Second, although this pharmaceutical prowess has positive attributes, it led to the overdevelopment of drugs aimed at targets that have not yet been validated (e.g., AKs, PLKs, and KSP). To date, clinical data have been reported for at least 20 different mitosis-specific poisons, and there are likely more yet to be reported. This has involved a considerable financial outlay and patient recruitment effort without a return on the investment (the response rate to an inhibitor targeting mitosis in clinical trials involving 1,399 patients with solid tumors was 1.6%; see Fig. 4 and Supplementary Tables S1A and S1B). Although a certain amount of redundancy represents attempts to design a better agent, the clinical evidence and the nearly uniform myelosuppression suggest that these drugs were remarkably similar and potent.
Third, the results indicate yet again the deficiencies of the preclinical models used in drug development. Although these preclinical models are far from ideal (but at some level valuable), it is clear that the rapid doubling times in such models compared with human tumors allow for an accelerated drug-development timeline. However, this precludes their use when the doubling time is a critical factor in a drug's activity. The rapid doubling times of the preclinical models explains why agents targeting mitosis proved active in these models but were ineffective against patient tumors.

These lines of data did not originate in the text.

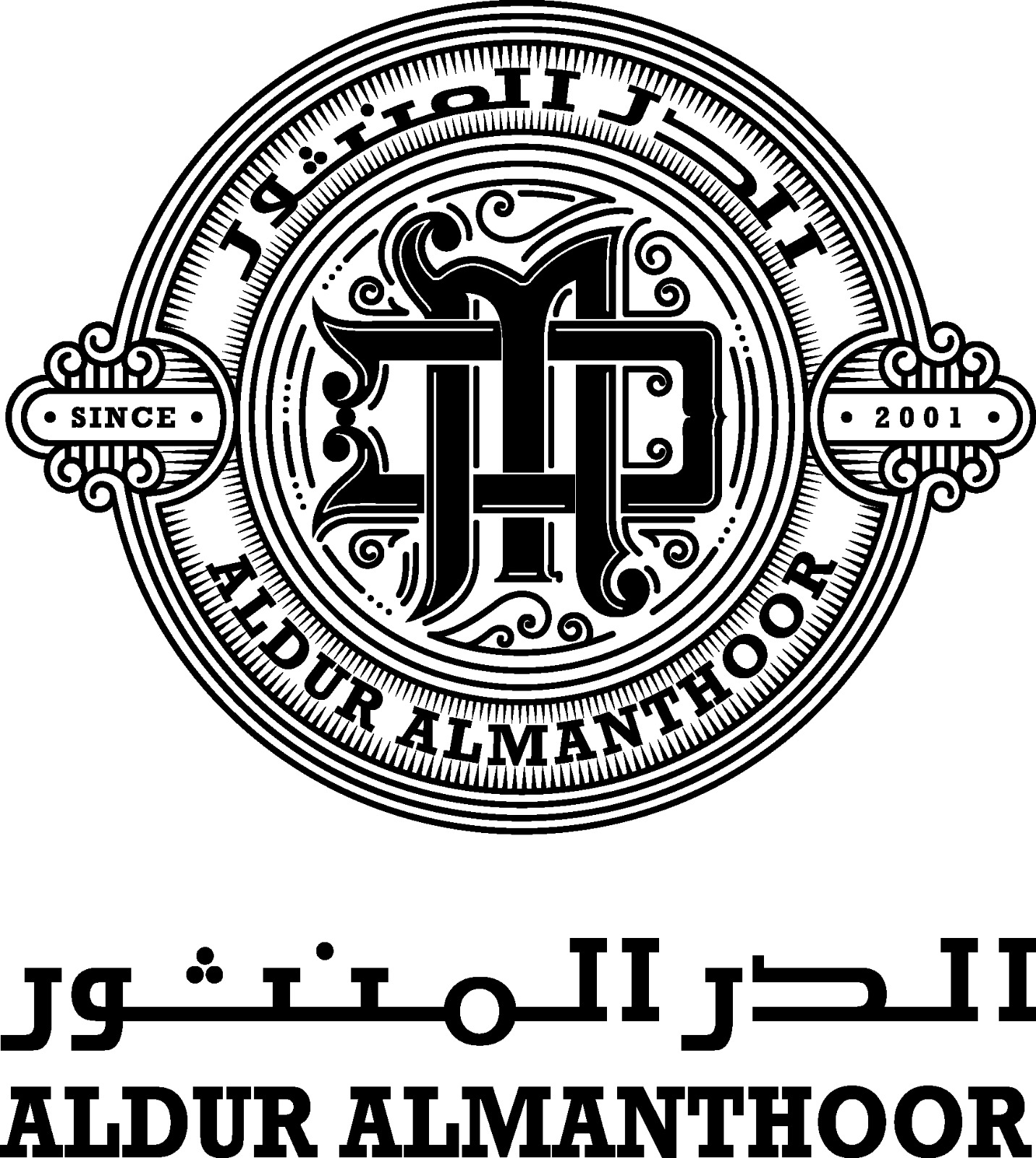 ALDUR AL-MANTHOUR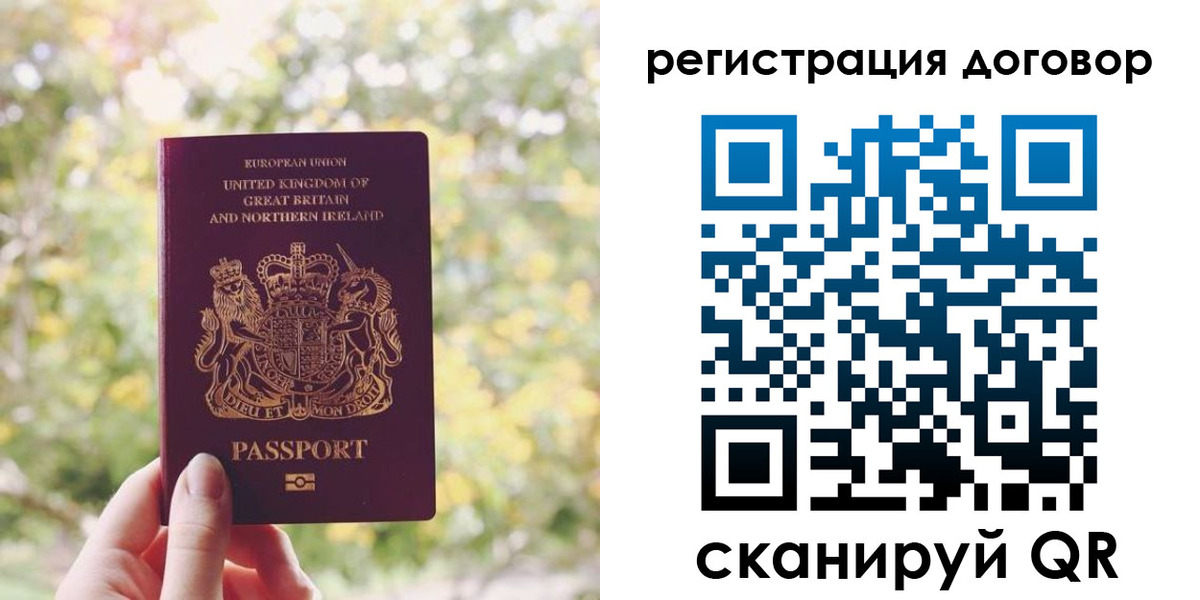 временная регистрация госуслуги в Уяре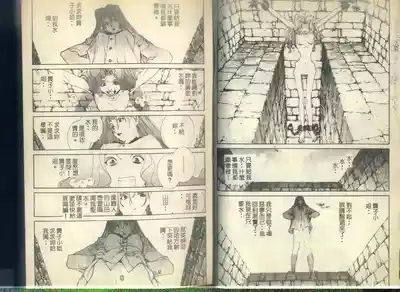 黄金小子6 7
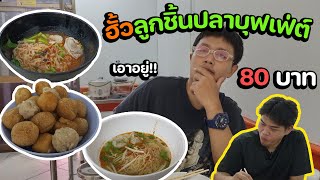 EP 35 : ฮั้วลูกชิ้นปลาบุฟเฟ่ต์ (รามคำแหง) อิ่มจนท้องแทบแตก | ไปเรื่อย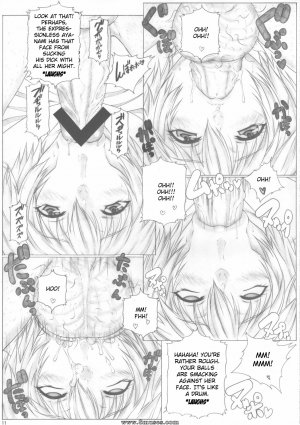 Manga - Okuchi Shibori 2 - Page 12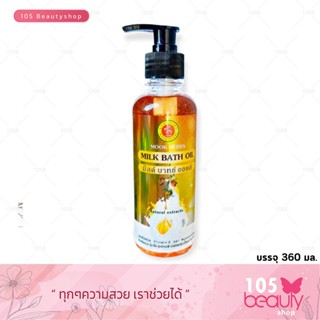 MOOK HERBS มิลค์ บาทธ์ ออยล์ Milk Bath Oil วิตามินน้ำนมบำรุง…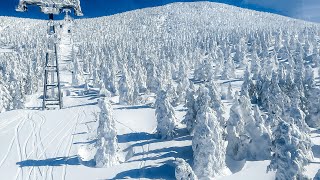 HDR 360° Zao Snow Monsters  Yamagata Japan 2021 [upl. by Aiekahs]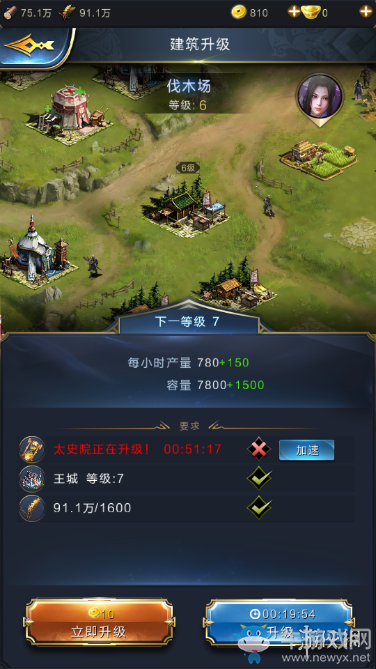 《亂世王者》伐木場玩法及升級屬性一覽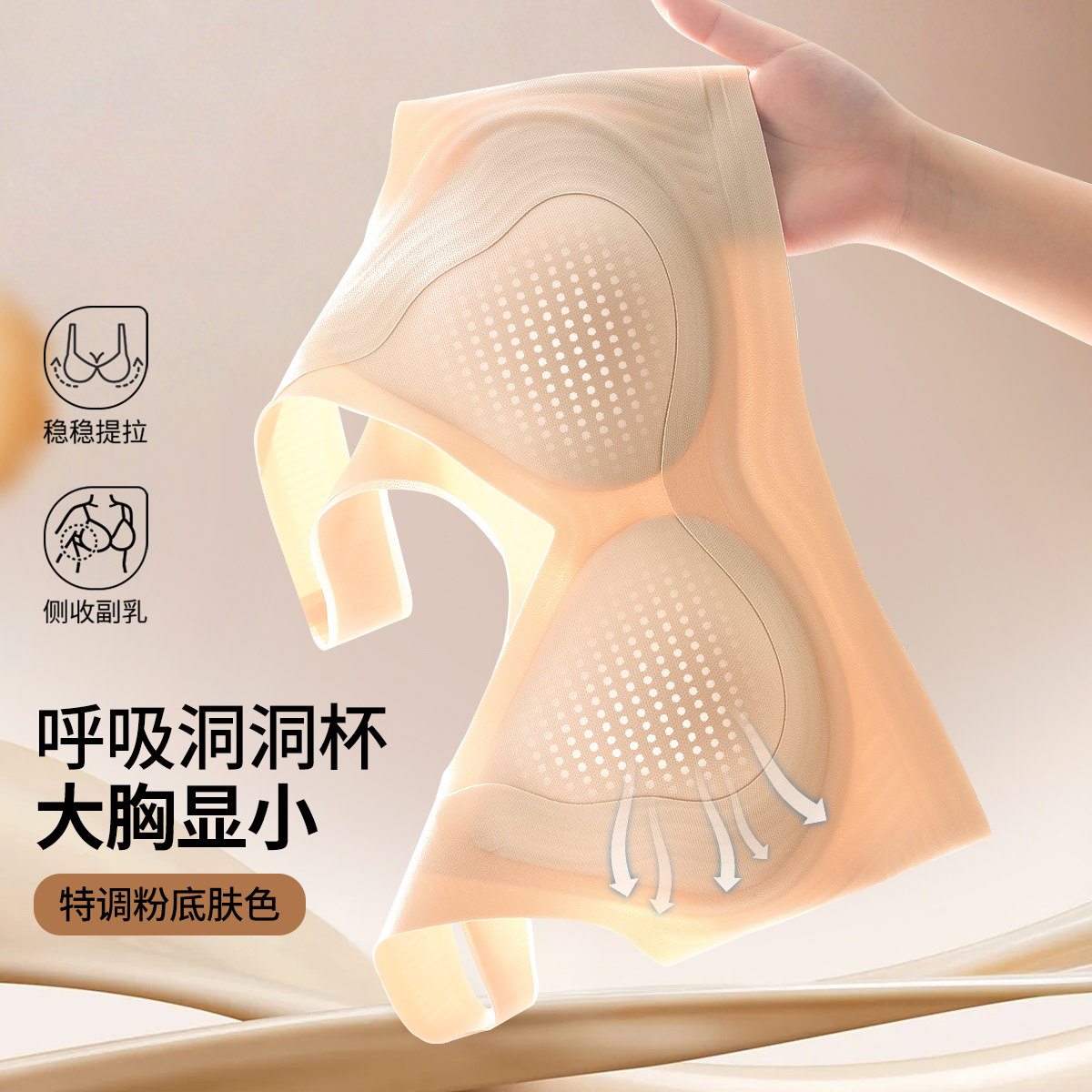 13640734.【轻薄无痕洞洞杯】聚拢收副乳防下垂文胸背心式粉底液隐形内衣女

Fourth, the results highlight the increasing use/abuse of “stable disease” as a measure of drug efficacy. As discussed above, scoring stable disease as a measure of activity cannot be defended scientifically for this class of compounds, arguing against its use as a measure of drug activity. As noted above, studies have shown that inhibitors targeting mitosis cannot be expected to stabilize tumor growth by arresting cells in mitosis for prolonged periods of time. Indeed, one can persuasively argue that these studies have collectively defined ∼20% as the stable disease rate due to the inherent tumor biology of patients harboring advanced solid tumors who enroll in similar phase I/II trials, because in effect, these patients received a drug that had no disease-stabilizing activity. We note that this estimate of 20% as the stable disease rate due to inherent tumor biology is not excessive, because stable disease rates of 55% to 67% have been obtained with placebos in renal cell and hepatocellular carcinomas (26, 27). Finally, the disappointing clinical results ratify the paradigm that MTAs do not kill cancer cells in humans primarily by inhibiting mitosis, even though both MTAs and inhibitors that target mitosis are lethal to bone marrow elements in this way. We previously proposed the inhibition of trafficking on MTs as the principal mechanism of action of MTAs (2). One such example for which clear evidence now exists is the androgen receptor, which plays a crucial role in the growth of prostate cancer (32, 33). The evidence that MT disruption affects androgen-receptor trafficking helps explain the activity of both docetaxel and cabazitaxel in a disease that is often so indolent that questions about the need for therapy remain unresolved. Therefore, when studying cells in which an MTA or a combination of MTAs is active, one should seek to determine which of the critical proteins that traffic on MTs have been affected by the therapy in question.
Disclosure of Potential Conflicts of Interest
No potential conflicts of interest were disclosed.